When he dreams again, he is his own son, Kevin Hanley 2020. He lives in a virtual stockade. There is gunfire all day and all night. His whole generation forgot why there even was law, so there is none. People pay no attention to politics, and government offers no services to the working class.

Kevin 2020's father, who is of course Kevin 1990 himself, works as a janitor in a factory owned by the Japanese. Kevin 2020 is a porter in a hotel for wealthy Europeans and Asians. Public education stops at the sixth grade. There is no tax base to pay for decent schools. Americans have long since stopped demanding good education for their children. Asians dominate American life. The rest are either drones for foreign investors - who consider Americans inherently stupid and lazy, fit only for manual labor - or criminals who supply drugs to the numbed workers.

Fast foward to Kevin 2050 who has no useful skills. Machines built in Japan and Taiwan do all the complex work, and there is little menial work to be done. Without education, without discipline, he cannot command even a subsistence wage. He lives by rifling through trash piles.

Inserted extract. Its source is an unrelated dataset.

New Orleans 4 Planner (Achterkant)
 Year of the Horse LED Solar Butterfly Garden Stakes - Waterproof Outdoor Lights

In a word, he lives much as Kevin Hanley 1835 did in Ireland. But Kevin Hanley 2050 gets a break. He is befriended by a visiting Japanese anthropologist studying the decline of America. The man explains to Kevin that when a man has no money, education can supply the human capital necesary to start acquiring financial capital. Hard work, education, saving and discipline can do anything. "This is how we rose from the ashes after you defeated us in a war about a hundred years ago."

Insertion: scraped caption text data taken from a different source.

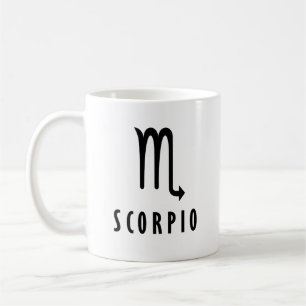 Scorpio zodiac coffee mug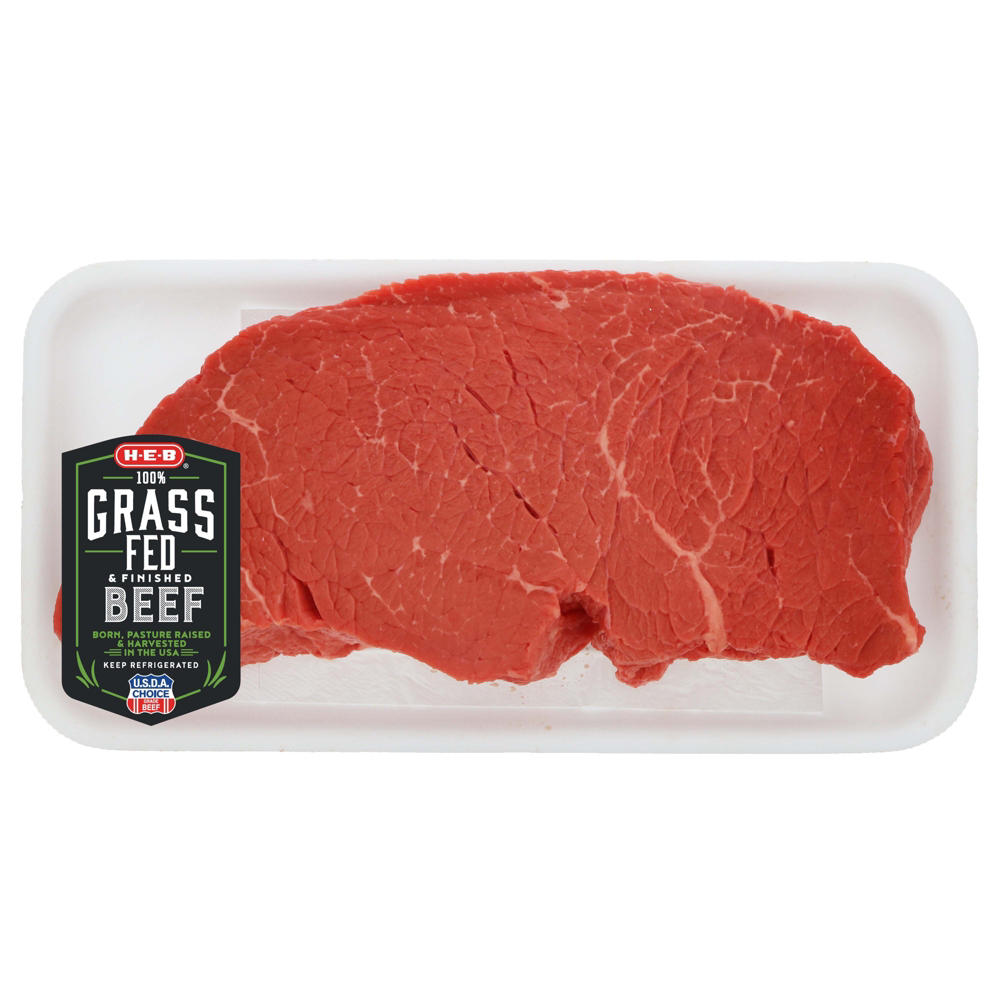 H-E-B Grass Fed Beef Top Round Steak London Boneless, USDA Choice, Avg. 1.34 lbs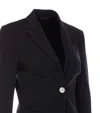 Pinko New Signum Single-breasted One Button Jacket In Black
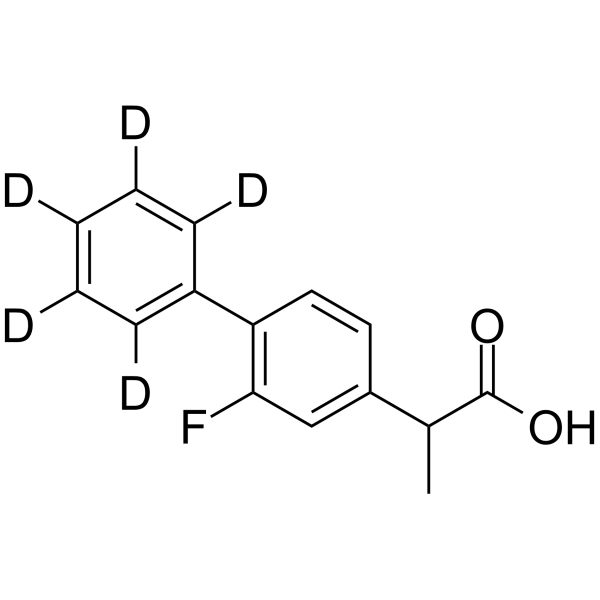 Flurbiprofen-d5结构式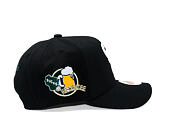 Kappe Mitchell & Ness  - NBA Classic Red Snapback Custom Patch - Milwaukee Bucks - Black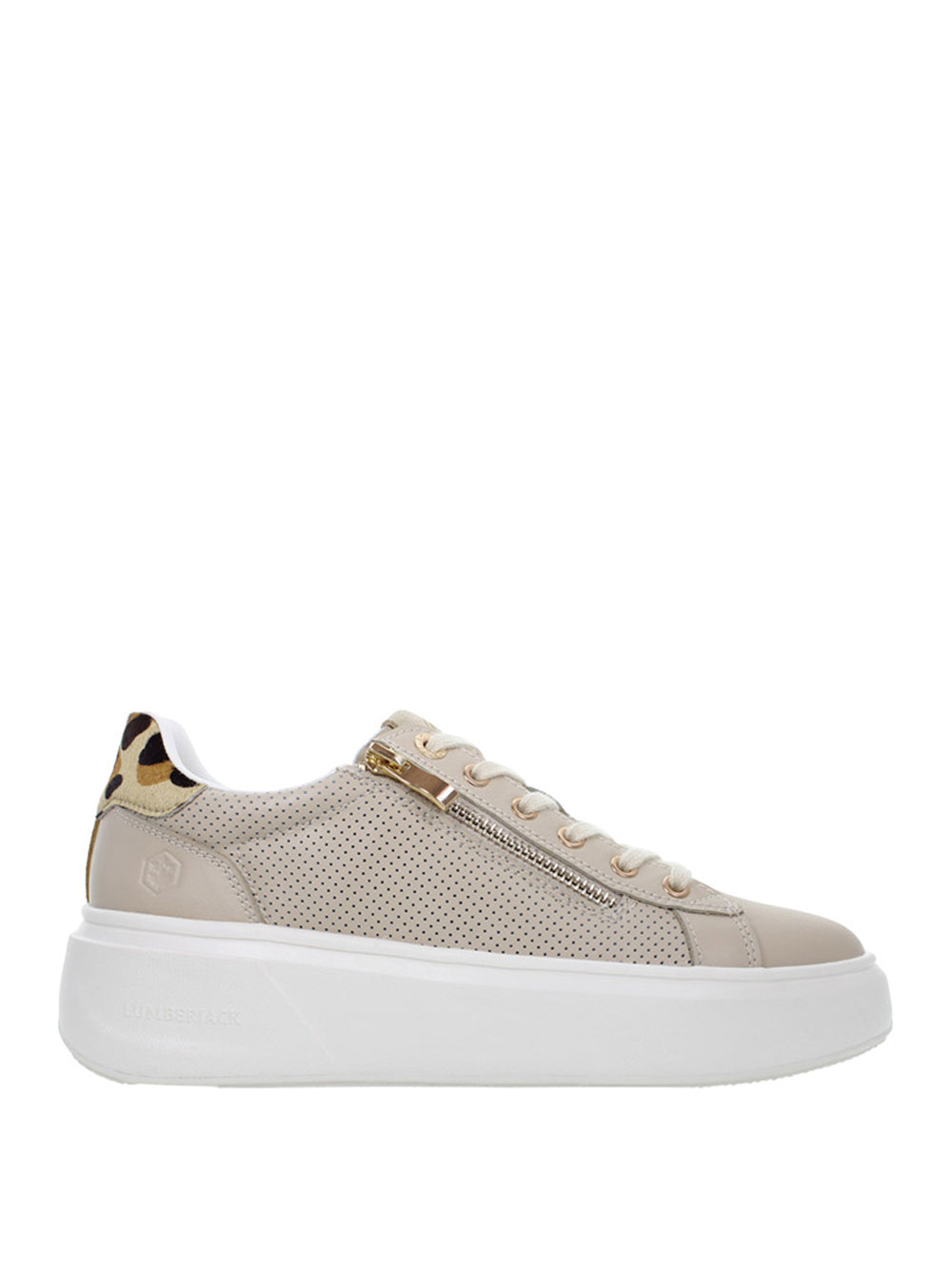 LUMBERJACK Sneakers platform Donna - Beige modello 102269283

"America beat Japan in war?" asks Kevin 2050. He is astounded. It seems as impossible as Brazil defeating the United States would sound in 1990. Kevin 2050 vows that if he ever has children, he will make sure they work and study and learn and discipline themselves. "To be able to make a living by one's mind instead of by stealing," he says. "That would be a miracle."

When Kevin 1990 wakes up, next to him is his copy of The Wealth of Nations. He opens it at random and reads: "A man without the proper use of the intellectual faculties of a man is, if possible, more contemptible than even a coward and seems to be mutilated and deformed in a still more essential part of the character of human nature."

Kevin's father walks in. "All right, son," he says. "Let's go look at that stereo stuff."

"Sorry, Pop," Kevin 1990 says. "I have to study."


2 Comments:

At 9:52 PM, Blogger Terry Starbucker said...

That Ben Stein writes some very good stuff, doesn't he? It seems like I quote him every other week these days. He's fearless when it comes to telling us things we don't necessarily want to hear. Thanks Jodee for sharing this. All the best.

 
At 6:52 PM, Blogger Jodee Bock said...

Starbucker

I really like Ben Stein, too - he's funny yet really on the money. Thanks for visiting, Starbucker! Hope all is well out west!!